To avoid unintended consequences of design changes, defined contribution plan executives must review plan objectives, test plan changes, and conduct plan and participant analyses.
That's the conclusion of a report by BlackRock posted Nov. 12 on the company website.
"The most well-intentioned and carefully considered plan design decisions may have unexpected results and even successful implementations occasionally reveal the limits of some baseline assumptions," said the report, written by Dagmar Nikles, managing director and head of defined contribution plan strategy and Mike Arak, vice president of plan strategy.
One unintended consequences is setting auto-enrollment and auto-escalation features too low, which can "undermine the power of these plan design features and ironically prevent some participants from saving more," the report said.

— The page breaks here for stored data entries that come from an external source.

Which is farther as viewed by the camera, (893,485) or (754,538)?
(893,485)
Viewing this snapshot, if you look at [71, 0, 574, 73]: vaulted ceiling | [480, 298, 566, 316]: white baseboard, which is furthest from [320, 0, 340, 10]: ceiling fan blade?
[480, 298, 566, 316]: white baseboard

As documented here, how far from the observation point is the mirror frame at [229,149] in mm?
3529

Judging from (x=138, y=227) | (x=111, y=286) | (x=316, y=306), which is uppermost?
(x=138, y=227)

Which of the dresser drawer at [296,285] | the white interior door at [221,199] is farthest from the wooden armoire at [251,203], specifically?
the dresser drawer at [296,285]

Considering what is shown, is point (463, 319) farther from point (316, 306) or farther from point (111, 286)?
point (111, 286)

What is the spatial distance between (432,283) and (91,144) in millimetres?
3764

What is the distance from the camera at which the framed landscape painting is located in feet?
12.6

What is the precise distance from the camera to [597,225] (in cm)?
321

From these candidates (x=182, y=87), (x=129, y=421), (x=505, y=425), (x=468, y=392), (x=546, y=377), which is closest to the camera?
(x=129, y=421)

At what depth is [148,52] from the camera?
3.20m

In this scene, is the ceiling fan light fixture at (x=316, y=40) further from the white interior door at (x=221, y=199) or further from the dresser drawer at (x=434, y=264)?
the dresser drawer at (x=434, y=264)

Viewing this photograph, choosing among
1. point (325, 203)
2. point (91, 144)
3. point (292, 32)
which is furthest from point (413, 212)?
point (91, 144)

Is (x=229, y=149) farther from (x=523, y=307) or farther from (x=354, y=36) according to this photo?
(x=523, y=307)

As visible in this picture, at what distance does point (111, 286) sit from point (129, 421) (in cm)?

BlackRock recommends raising the default rate to 6% or 8% of a participant's annual salary and raising the cap on auto-escalation so the total auto features' component rises to at least 10% or, better yet, 15%.
For participants contributing below the default savings rate, BlackRock recommends re-enrolling them — a process called back sweeping — at the higher rate while allowing the to opt out. The firm also recommends back sweeping participants into auto-escalation, allowing them to opt out.

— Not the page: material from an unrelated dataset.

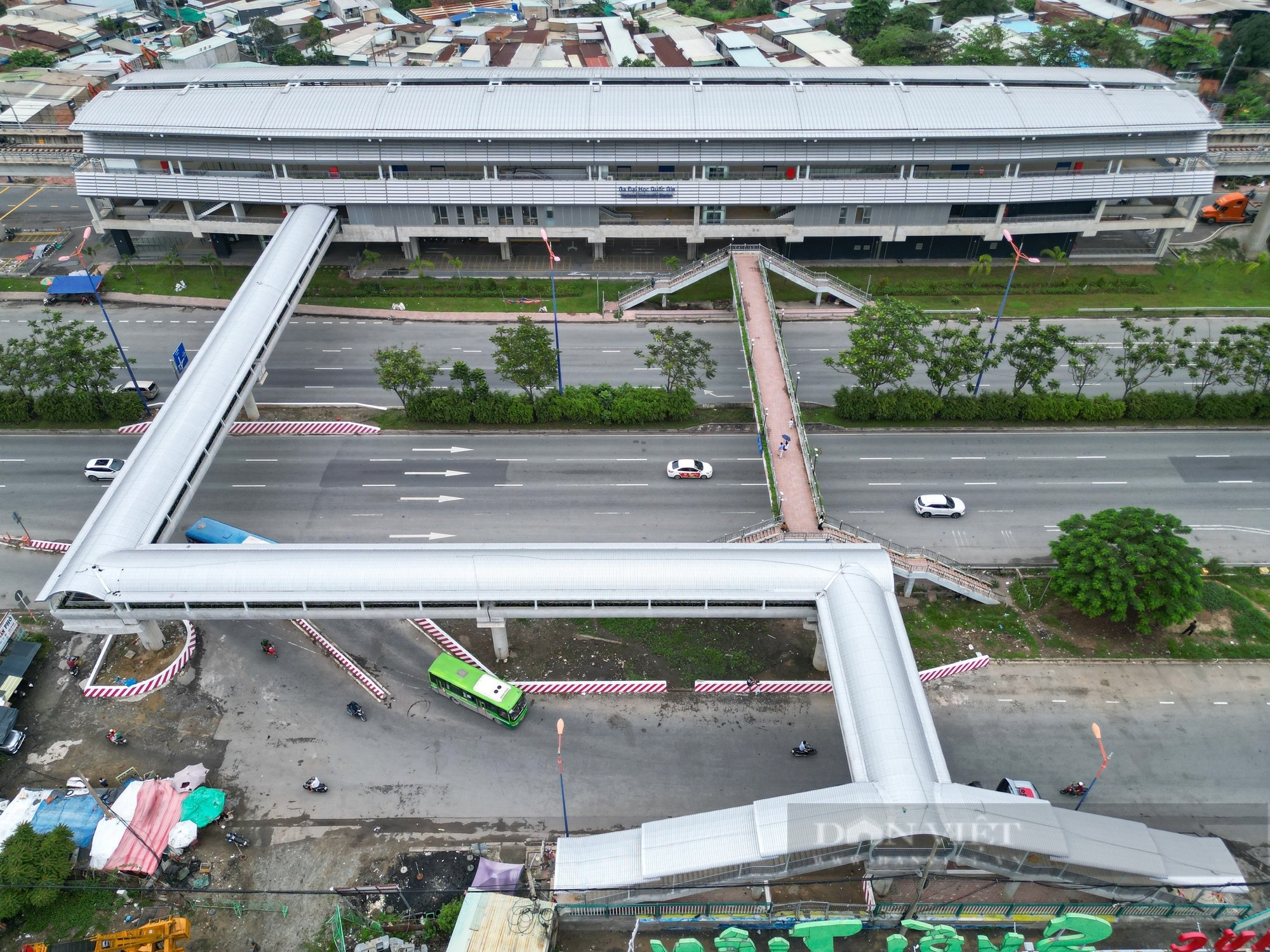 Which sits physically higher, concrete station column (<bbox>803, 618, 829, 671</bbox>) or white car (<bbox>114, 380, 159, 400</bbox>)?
white car (<bbox>114, 380, 159, 400</bbox>)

The BlackRock report also counseled plans that offer company stock in their DC plans to pay closer attention to which participants hold the stock and how much.
Plan executives should "conduct a communications campaign on the risk of a large single stock allocation targeted at participants with company stock allocations over a certain threshold," the report said.
Sponsors could offer "an auto-diversification service" that would help participants "systematically reduce the company stock allocation to a set level over time," the report said.
Other suggestions included establishing a cap of 20% to 25% per participant account for holding company stock, with larger legacy holdings grandfathered in, or freezing additional company stock purchases within the plan.